Every cover sends a message, but the message intended and the message received can differ drastically. It’s the reason authors and publishers field-test their images before making a final decision. According to the Market itself, covers should have only one message: “Hey. Buy me.”
The prospective reader doesn’t receive the message in quite such succinct terms, of course. The well-crafted cover lays out its arguments more artfully:
“Don’t you love my color scheme? I see it caught your eye from across the room. My image, too, intrigues you. Go on. Pick me up. Run your fingers down my spine. Read my summary. Take me home with you and we can snuggle up together in a comfy chair for the whole evening and into the night.”
And suddenly you find yourself at the book store’s register with a hundred dollars worth of merchandise cooing at you from a plastic sack while the clerk runs your credit card and silently judges your choice of literature.
(I may or may not be speaking from personal experience.)
When the message gets lost in transmission
As powerful an impact as a book cover can have, though, the more often a particular style of cover appears, the more diluted its message becomes. The perfect color scheme gets drowned out amid thirty books sporting the same palette. Images recycled or cloned to market off the success of their forerunners might come off as desperate or canned instead. Even the artistic word-art covers so trendy right now are beginning to bleed together on the book shelves.

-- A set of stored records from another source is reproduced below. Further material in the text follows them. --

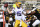 LSU quarterback Myles Brennan throws during the first half of an NCAA college football game against Missouri Saturday, Oct. 10, 2020, in Columbia, Mo. (AP Photo/L.G. Patterson)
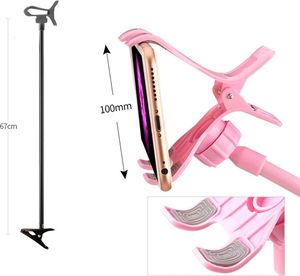 Hurtel Uniwersalny elastyczny uchwyt 360 z klipsem na telefon fioletowy 7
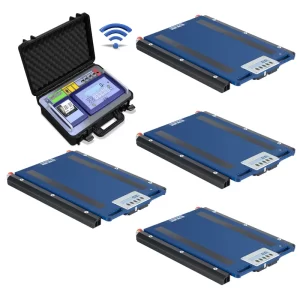 WWSE2G4 DFWKRPRF 4 Pad Wireless Vehicle & Axle Weighing System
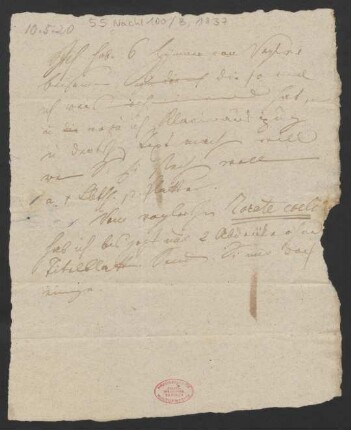 Brief an B. Schott's Söhne : 10.05.1820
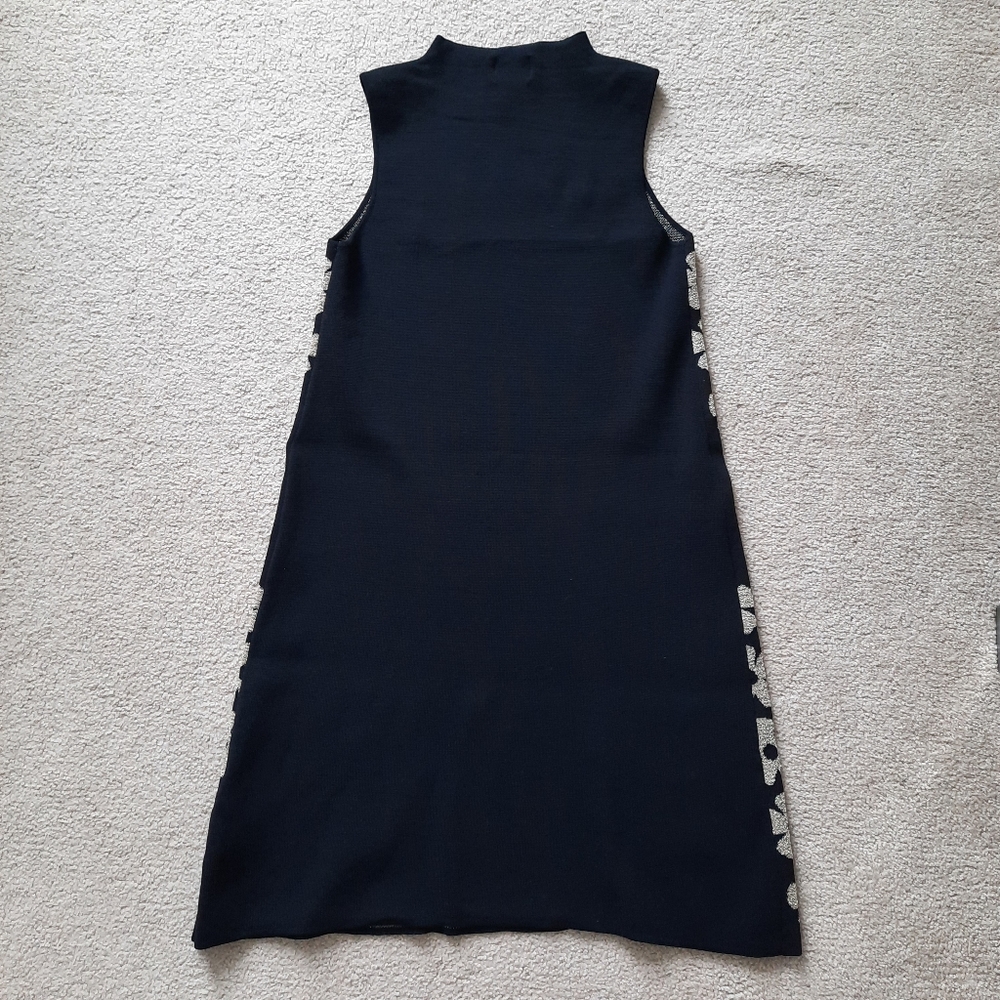 eci Knit Mini Shift Dress with mock neck, Size Small - Picture 2 of 5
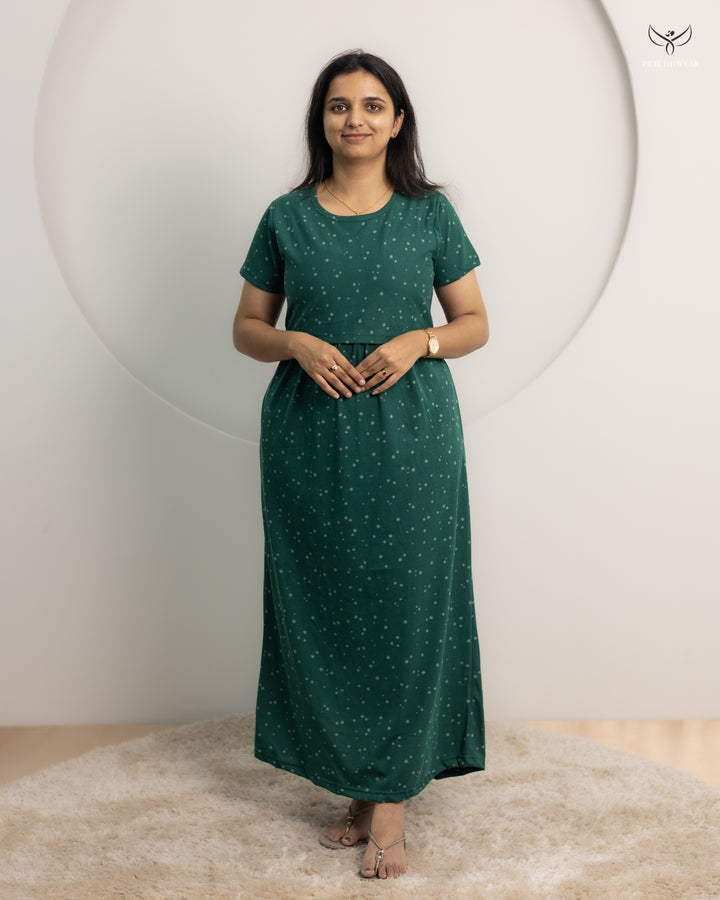Mazhil SoftCotton Full Length Maternity Loungewear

Some styles become so iconic of a genre that any variation is almost sacrilege. Bodice-rippers feature a beefy hero embracing his scantily-clad heroine. Regencies display a demure woman with or without her gentleman suitor. Mysteries and thrillers lean toward word art with simple motifs: silhouettes, or gunshot holes, or a story-specific object highlighted (in a pool of blood, often).
Even so, variation within the constraints of these themes is welcomed and desired. (Though perhaps not so much with bodice-rippers. I’m not sure that audience uses much of a discerning eye when it comes to covers. I’m positive the publishers don’t expect them to.) Even simple details such as typeface and title placement can mark the difference between tired-sad-overdone and crisp-vibrant-exciting.
Every variable must work in harmony to convey that all-important message.
“Hey. Buy me.”
Because, you see, that sale is the ultimate goal. The cover doesn’t care whether you actually read the book at all.